I think the situation could have been handled differently/better as well.  With out the screaming and freaking out.  I can't say I would have been actually angry like your husband was cause I kind of understand why you panicked.  But I would have been very embarrassed and it may have come off as angry.

post #78 of 95
I do think "screaming bloody murder" was OTT and hopefully you'll figure out a way to handle those situations better. I've learned in my years as a parent that it's up to me to protect my children. So in that situation, I would've immediately removed my 2 year old from the ladder. It might not be fair or right, but it would keep her safe. 5 year olds still often have a long way to go when it comes to impulse control and adding something like adhd or asperger's just compounds that. Experience tells me that not every kid is going to listen immediately, or the 2nd or 3rd or 4th time they are told something so I need to do what is in my control, and that is removing my child from the situation.
post #79 of 95

In reality, I probably would have reacted as you had. In addition, I probably would have marched the older child over to his parent and explained what he was doing to her.

 

How bad would that be? It depends on how long you yelled. Was it "Stop! Get your foot out of my son's face! How can you do this? Where is your mother?" I'd be OK with that. Was it 2-3 minutes of haranguing? That would be over the top, and you probably should have been able to stop yourself.

 

While it would be nice to be able to respond calmly and rationally at all moments, when your child is in danger (even if it's perceived danger), it's hard. And I think it's probably good for the other child to experience the real fear that you are feeling. The couple of times my kids did things that were really dangerous (dashing across a busy parking lot type things), it was the words that stopped them, but the emotion in my voice during and after.
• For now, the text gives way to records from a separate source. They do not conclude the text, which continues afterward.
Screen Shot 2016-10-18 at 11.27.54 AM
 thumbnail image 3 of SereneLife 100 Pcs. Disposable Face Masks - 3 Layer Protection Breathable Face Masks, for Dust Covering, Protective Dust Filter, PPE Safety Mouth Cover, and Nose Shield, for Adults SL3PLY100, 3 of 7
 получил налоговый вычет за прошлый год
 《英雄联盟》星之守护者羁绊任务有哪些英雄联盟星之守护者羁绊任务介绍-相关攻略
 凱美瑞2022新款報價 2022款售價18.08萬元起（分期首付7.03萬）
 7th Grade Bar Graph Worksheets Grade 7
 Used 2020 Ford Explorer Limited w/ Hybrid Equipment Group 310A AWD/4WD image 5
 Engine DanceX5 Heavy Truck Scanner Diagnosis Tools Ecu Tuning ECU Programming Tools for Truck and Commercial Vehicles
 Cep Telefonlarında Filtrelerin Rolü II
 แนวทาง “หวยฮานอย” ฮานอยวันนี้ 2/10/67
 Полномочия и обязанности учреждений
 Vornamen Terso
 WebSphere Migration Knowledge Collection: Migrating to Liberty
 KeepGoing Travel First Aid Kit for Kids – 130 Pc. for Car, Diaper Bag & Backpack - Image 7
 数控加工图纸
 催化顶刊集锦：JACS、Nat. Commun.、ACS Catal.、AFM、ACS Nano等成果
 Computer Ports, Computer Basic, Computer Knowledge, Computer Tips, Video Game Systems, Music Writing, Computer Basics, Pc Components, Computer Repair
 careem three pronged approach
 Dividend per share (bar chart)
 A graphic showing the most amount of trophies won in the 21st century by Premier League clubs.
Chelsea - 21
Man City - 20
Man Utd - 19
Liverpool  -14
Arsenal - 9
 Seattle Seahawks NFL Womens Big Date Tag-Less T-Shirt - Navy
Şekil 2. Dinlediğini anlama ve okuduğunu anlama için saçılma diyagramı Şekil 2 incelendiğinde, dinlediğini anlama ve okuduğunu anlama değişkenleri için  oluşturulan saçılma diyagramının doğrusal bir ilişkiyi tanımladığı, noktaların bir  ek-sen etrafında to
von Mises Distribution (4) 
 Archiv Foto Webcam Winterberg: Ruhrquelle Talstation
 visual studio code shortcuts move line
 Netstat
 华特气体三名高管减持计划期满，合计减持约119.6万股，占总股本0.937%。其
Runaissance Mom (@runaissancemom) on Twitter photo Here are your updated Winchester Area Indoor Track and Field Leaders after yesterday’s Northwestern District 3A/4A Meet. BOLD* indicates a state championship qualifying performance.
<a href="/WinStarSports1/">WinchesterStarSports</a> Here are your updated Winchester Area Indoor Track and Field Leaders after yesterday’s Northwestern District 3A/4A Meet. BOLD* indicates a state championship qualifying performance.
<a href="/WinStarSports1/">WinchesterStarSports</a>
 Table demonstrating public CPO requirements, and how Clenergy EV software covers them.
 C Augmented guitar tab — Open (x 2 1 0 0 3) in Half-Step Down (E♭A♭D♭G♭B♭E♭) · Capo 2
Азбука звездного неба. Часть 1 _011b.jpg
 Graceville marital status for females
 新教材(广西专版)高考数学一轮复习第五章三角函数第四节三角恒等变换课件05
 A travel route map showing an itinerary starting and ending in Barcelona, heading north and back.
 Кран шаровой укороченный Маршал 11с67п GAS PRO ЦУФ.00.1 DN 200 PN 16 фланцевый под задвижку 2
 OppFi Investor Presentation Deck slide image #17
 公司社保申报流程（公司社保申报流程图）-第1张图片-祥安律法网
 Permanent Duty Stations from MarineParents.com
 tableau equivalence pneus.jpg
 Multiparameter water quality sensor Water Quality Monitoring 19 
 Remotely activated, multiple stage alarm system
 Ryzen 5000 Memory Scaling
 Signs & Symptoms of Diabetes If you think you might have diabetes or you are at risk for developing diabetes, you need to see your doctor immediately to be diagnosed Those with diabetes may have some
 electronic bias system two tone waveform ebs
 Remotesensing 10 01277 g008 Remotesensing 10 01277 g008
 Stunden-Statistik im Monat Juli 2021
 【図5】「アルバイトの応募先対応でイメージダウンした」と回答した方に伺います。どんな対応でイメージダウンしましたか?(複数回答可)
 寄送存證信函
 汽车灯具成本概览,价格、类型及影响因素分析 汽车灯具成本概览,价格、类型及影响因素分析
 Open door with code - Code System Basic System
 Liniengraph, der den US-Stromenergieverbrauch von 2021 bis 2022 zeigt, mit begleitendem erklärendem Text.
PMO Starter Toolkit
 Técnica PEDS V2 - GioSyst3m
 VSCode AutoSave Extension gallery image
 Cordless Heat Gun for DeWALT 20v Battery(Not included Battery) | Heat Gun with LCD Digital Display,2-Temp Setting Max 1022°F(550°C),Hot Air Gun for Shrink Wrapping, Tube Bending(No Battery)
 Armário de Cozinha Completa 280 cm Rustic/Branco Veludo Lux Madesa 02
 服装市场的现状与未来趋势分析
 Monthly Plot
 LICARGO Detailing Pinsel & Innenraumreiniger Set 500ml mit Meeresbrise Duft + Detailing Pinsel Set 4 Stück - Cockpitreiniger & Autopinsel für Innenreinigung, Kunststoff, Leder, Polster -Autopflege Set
Luckily, my kids are old enough now that they've got the foresight, and they're generally cautious kids to be begin with. So, I've got a few years of respite before the teenage years hit and I have to fear for the judgment and safety again. I'm sure that emotion will come back into my voice if they do something unsafe, and I won't feel bad about it.

post #80 of 95

I'm surprised at how this thread has gone.  I would have thought there'd be a bunch of btdt stories.  I wonder if the lack of them really means that we mama bears are in the minority.   

 

Anyhow, here's my story:  When Milo was probably about a year and a half old we were playing with some friends in an indoor play area in a mall.  I was standing about a foot and a half away from him, but I was talking to a mom who was sitting several feet away from me, so I wasn't just looking straight at him, but back and forth between him and my friend.  I looked down at one point and saw what seemed to be a sweet little girl (I'm sure she was, mostly), 3 or possibly 4 yrs old, sweetly patting him on the head, looked up to my friend, and then when I looked down again, she had four of his fingers in her mouth and she was biting down as hard as she could, like with head shaking from exertion.  OMG!  I felt like I had been kicked in the stomach.  He was my first child and this was the first time anything *bad* had happened to him, and certainly the first time he'd been purposely hurt by another person.  I just reacted, did not think about it at all, and had I thought about it, I'm sure I would have behaved differently.  But I physically did *something* to that little girl.  I moved her with force, though I'm not sure if I pushed her or kind of threw her away from him.  And I swear, I think I roared.  There was probably only a 3 second period that I really was out of control but I truly don't remember what I actually did and the idea of that has always freaked me out (this was probably 5 1/2 years ago now).  The little girl wasn't hurt, thank goodness.  But I bet she was kinda stunned by it.  And, as a previous posted said, I think maybe it was a good thing to show that girl what my visceral reaction was.  My guess is that she had been told many times not to, and probably yelled at and punished and maybe even hit, over biting, but there was something very honest and immediate about my reaction that I'm sure she didn't miss.  My reaction wasn't punishing or mean or belittling of her, but it did make clear how her biting made me feel.  So who knows, maybe it gave her a reason not to keep biting or maybe it didn't.  But I think it was okay in the end. 

 

The good news is...  I haven't done anything like that since.  It has not been a pattern, at all.  There was a post here somewhere where someone seemed to be assuming that you are just a screamer or something, like it's a habit and you reacted that way because yelling is your habit.  But I don't think that's what your reaction was about at all.  I am not generally a roarer, in fact I believe that was the only occasion in my life where I roared and I never push little kids around.  The whole thing felt so much more chemical than that -- like I had a hormonal response, not an "oh, I'm feeling b*tchy bc I'm a woman" kind of hormonal, but a good honest to goodness chemical reaction.  I suppose it was probably a good spurt of adrenaline that caused it.  And I bet that was the case for you.  I really don't think you should beat yourself up about it.  I was pretty horrified bc I actually touched the little girl, but the kid you're talking about is not going to be hurt by your yelling.  If anything, it could be helpful.  Why on earth would a five year old think he'd get away with that sort of behavior in front of the parents of the kid he was being mean to???  Crazy!  He may have needed a little dose of reality.